Primary care is under the pump across the country. Almost 20 percent of all clinics nationwide have raised concerns.
In Christchurch, GP Api Talematoga says he and his colleagues are at breaking point.
“I’ve been in practice for 30 years and I’ve never been exposed to this level of stress,” he told Newshub.
Wellington GP Rachael Waters feels similarly exhausted.
“It’s the worst I’ve ever seen. It’s the most stretched I’ve ever seen. It’s the most difficult, it’s the busiest.”
Many practices are in financial strife, and almost all lack staff and are overloaded with patients.

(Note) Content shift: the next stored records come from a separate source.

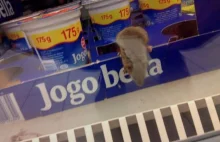 Szczur na półce z jedzeniem w Biedronce. Jeronimo Martins wyjaśnia sprawę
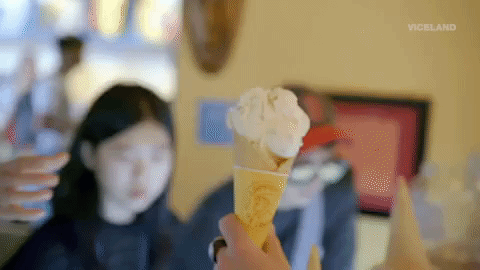 viceland GIF by THE ICE CREAM SHOW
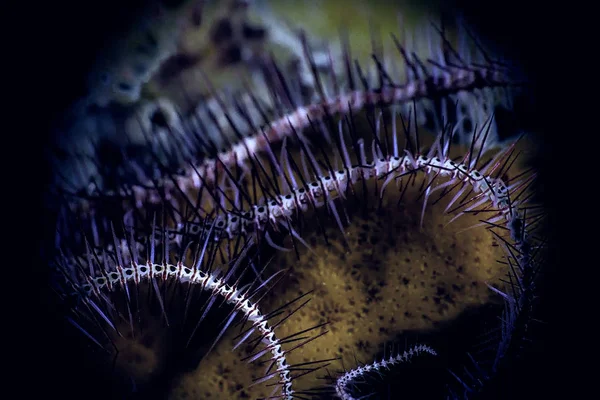 close-up of Beautiful underwater flower in ocean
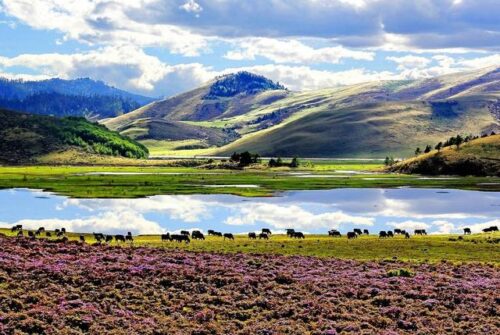 凉山州文旅季启幕:五条精品线路邀您共赏“冬季暖阳·凉山不凉”插图6 凉山州文旅季启幕:五条精品线路邀您共赏“冬季暖阳·凉山不凉”插图6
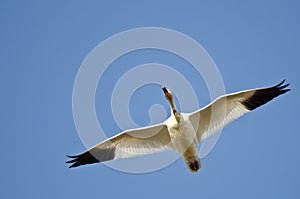 Lone Snow Goose Flying in a Blue Sky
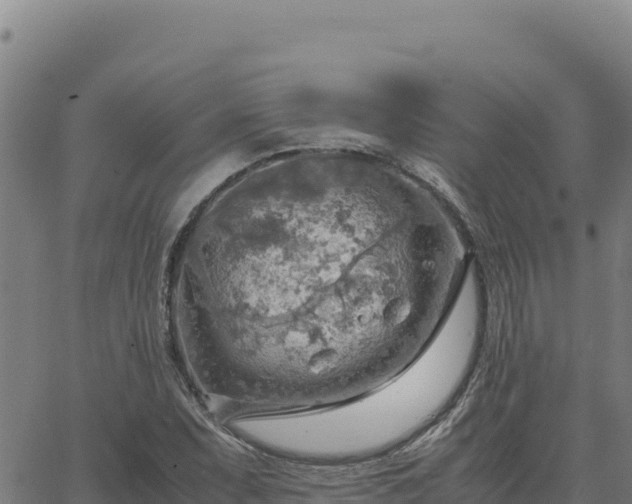 X0000063471071200601271624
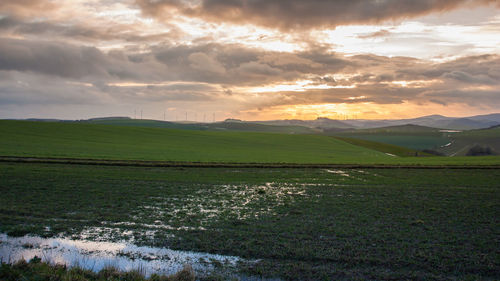 Scenic view of field against sky during sunset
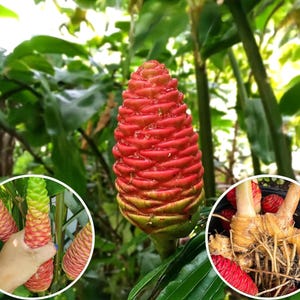 Könnte beinhalten: Ein lebendiges Bild einer roten Ingwerblüte, mit kegelförmiger Gestalt, umgeben von üppigem, grünem Laub. Das Bild zeigt auch die Rhizome der Ingwerpflanze und andere Ingwerblüten in verschiedenen Wachstumsstadien.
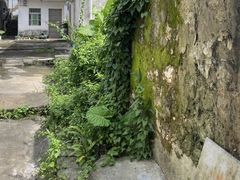 -福建土楼（华安）旅游区•大地土楼群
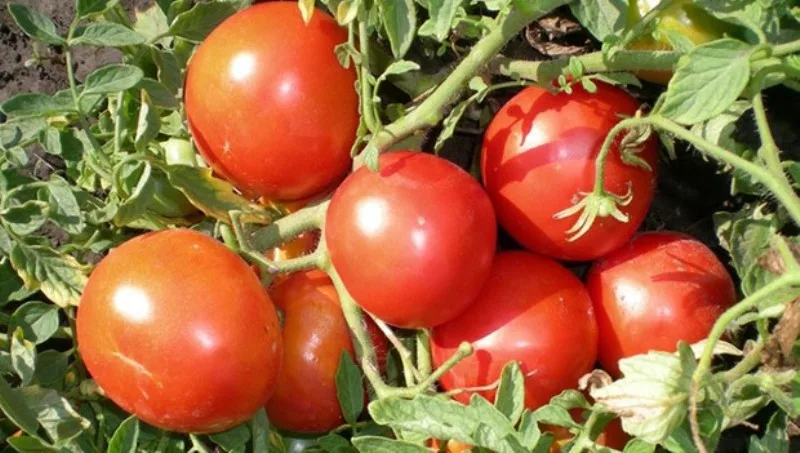 прото красивый томат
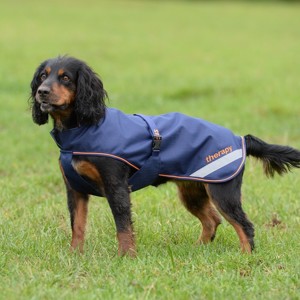 Bucas Therapiehundedecke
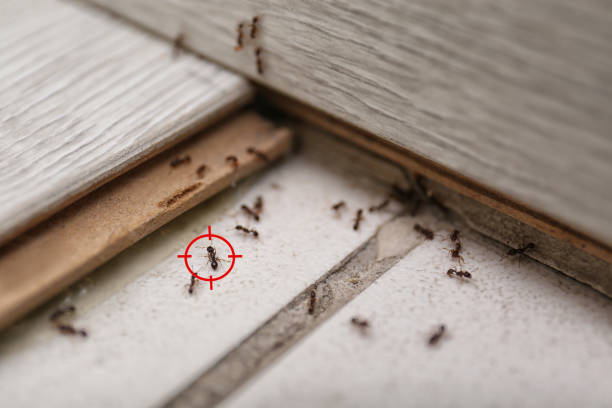 Best Commercial Pest Control Services  in Colwich, KS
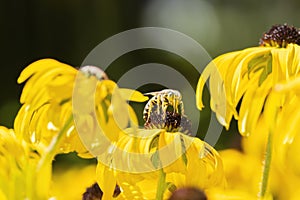 Macro of a Sandwasp Bembicini on Goldstrum Black-eyed Susan Flowers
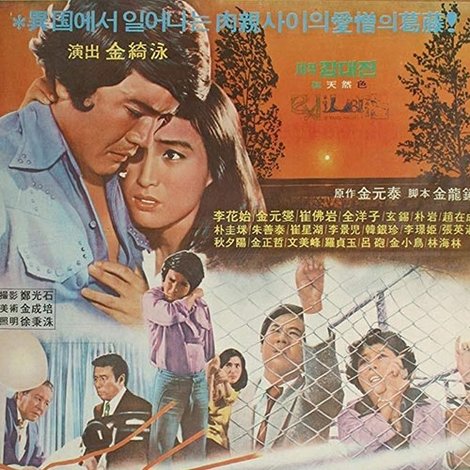 혈육애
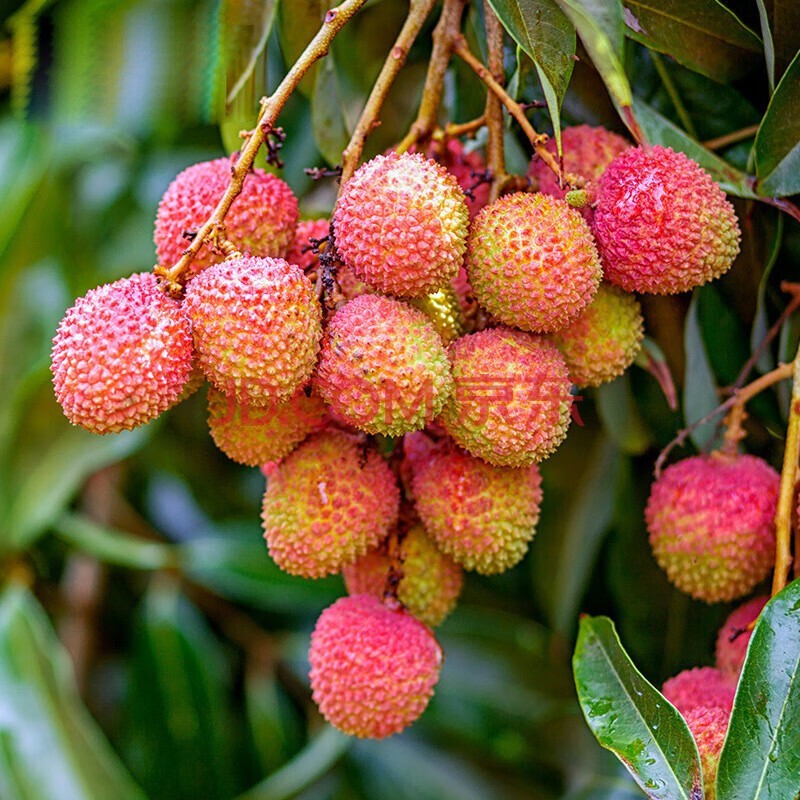 鲜级佳海南妃子笑荔枝【顺丰冷链】当季水果新鲜荔枝现摘 孕妇水果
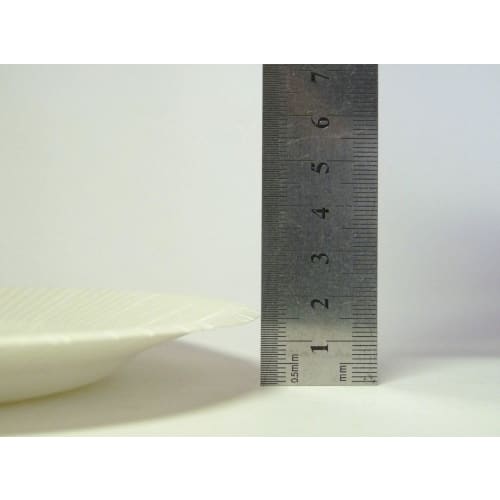 [Water-resistant Surface Treatment! Perfect for Outdoor Activities and Parties] 23cm Paper Plates, 8-count, Disposable, Made In Japan [Set of 2]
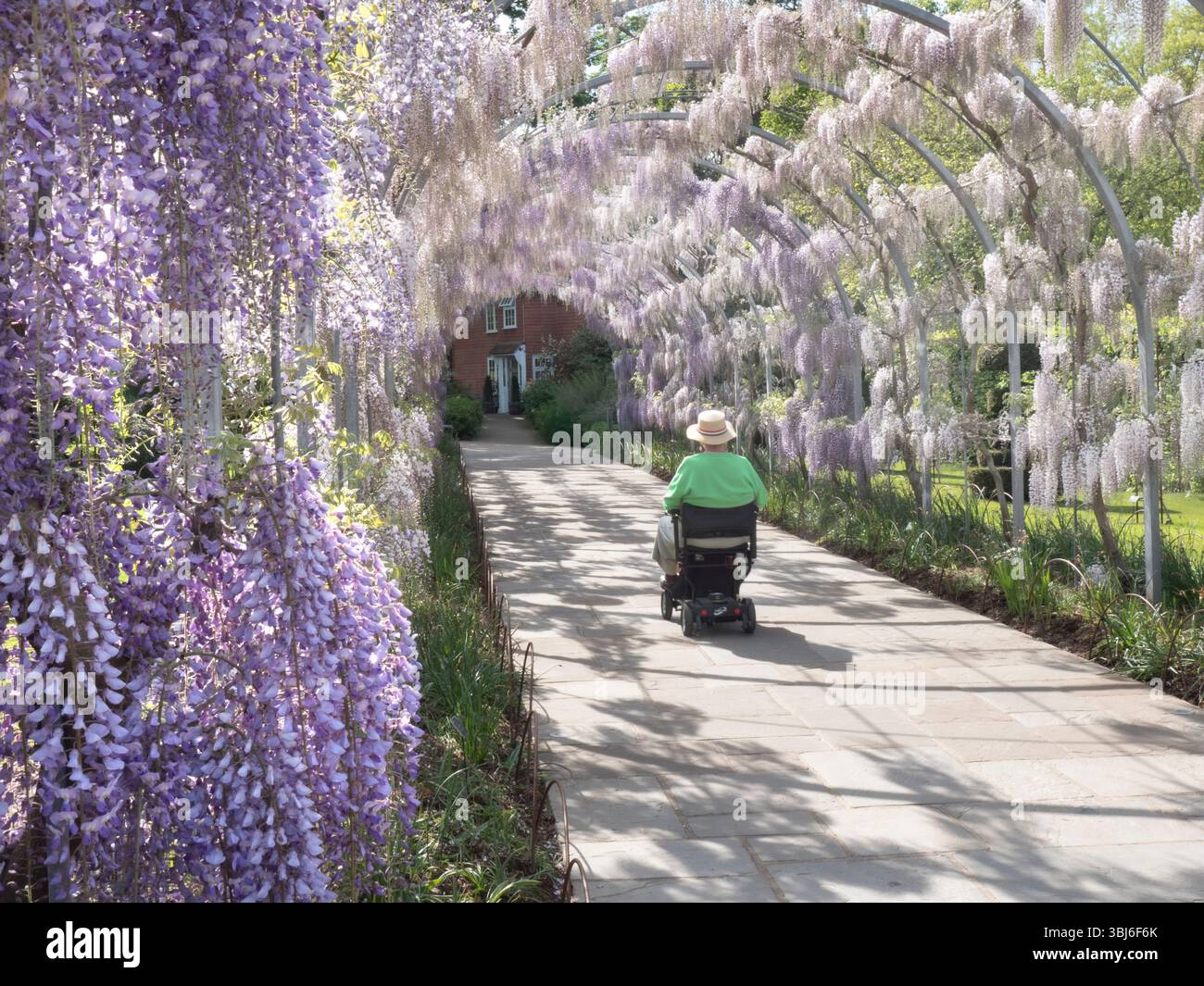 RHS Wisteria floribunda « Kimono » et « Kokuryu » fleurissent sur Wisteria Walk avec une dame visiteur en chapeau de soleil en utilisant un scooter de mobilité pour naviguer à travers la floraison Banque D'Images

“Any patient will know that they can wait two, three, four weeks to get a GP visit. It’s not okay and the health of New Zealanders is suffering, and we need to fix it,” Dr Waters told Newshub.
Adding to the pressure, the NZ Nurses Organisation lodged a pay equity claim with the intention of boosting pay for nurses in primary care.
“We’ve got this significant gap between what nurses in hospitals are paid and what nurses outside hospitals, in what we call the funded sector, are paid,” said NZNO chief executive Paul Goulter.
GPs want their nurses paid more but say they can’t fund it.
“I think it’s a disaster waiting to happen,” said Dr Waters.
In response to the union’s claim, since mid-December, 155 GP clinics have issued what’s known as a Section 14 notice.
This is a “notification of problems”, or “significant risks” where the clinic has concerns it can’t perform the services it’s contracted to do.
The clinic’s local Primary Health Organisation (PHO) is contacted, which is then obliged to inform Manatū Hauora/the Ministry of Health.